- [Exercise description] Repeat the data below exactly, with every entry included.

[Short descriptive text snippets]
____

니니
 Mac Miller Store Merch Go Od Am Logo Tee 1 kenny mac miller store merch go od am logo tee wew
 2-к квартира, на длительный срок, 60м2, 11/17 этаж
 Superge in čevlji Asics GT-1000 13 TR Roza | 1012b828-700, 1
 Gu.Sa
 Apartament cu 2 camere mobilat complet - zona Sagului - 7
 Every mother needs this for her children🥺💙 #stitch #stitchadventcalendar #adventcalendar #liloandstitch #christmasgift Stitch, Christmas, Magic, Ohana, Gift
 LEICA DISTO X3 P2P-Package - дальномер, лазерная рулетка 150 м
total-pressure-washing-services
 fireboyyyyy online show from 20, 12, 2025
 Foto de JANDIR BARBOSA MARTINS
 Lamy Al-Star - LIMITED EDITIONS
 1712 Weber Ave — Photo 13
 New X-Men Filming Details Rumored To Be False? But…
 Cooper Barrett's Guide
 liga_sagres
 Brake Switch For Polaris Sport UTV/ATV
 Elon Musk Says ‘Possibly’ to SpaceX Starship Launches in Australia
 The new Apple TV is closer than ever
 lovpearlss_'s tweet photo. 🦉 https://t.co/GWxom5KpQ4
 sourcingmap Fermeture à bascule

____

- [Result for this exercise]
니니
 Mac Miller Store Merch Go Od Am Logo Tee 1 kenny mac miller store merch go od am logo tee wew
 2-к квартира, на длительный срок, 60м2, 11/17 этаж
 Superge in čevlji Asics GT-1000 13 TR Roza | 1012b828-700, 1
 Gu.Sa
 Apartament cu 2 camere mobilat complet - zona Sagului - 7
 Every mother needs this for her children🥺💙 #stitch #stitchadventcalendar #adventcalendar #liloandstitch #christmasgift Stitch, Christmas, Magic, Ohana, Gift
 LEICA DISTO X3 P2P-Package - дальномер, лазерная рулетка 150 м
total-pressure-washing-services
 fireboyyyyy online show from 20, 12, 2025
 Foto de JANDIR BARBOSA MARTINS
 Lamy Al-Star - LIMITED EDITIONS
 1712 Weber Ave — Photo 13
 New X-Men Filming Details Rumored To Be False? But…
 Cooper Barrett's Guide
 liga_sagres
 Brake Switch For Polaris Sport UTV/ATV
 Elon Musk Says ‘Possibly’ to SpaceX Starship Launches in Australia
 The new Apple TV is closer than ever
 lovpearlss_'s tweet photo. 🦉 https://t.co/GWxom5KpQ4
 sourcingmap Fermeture à bascule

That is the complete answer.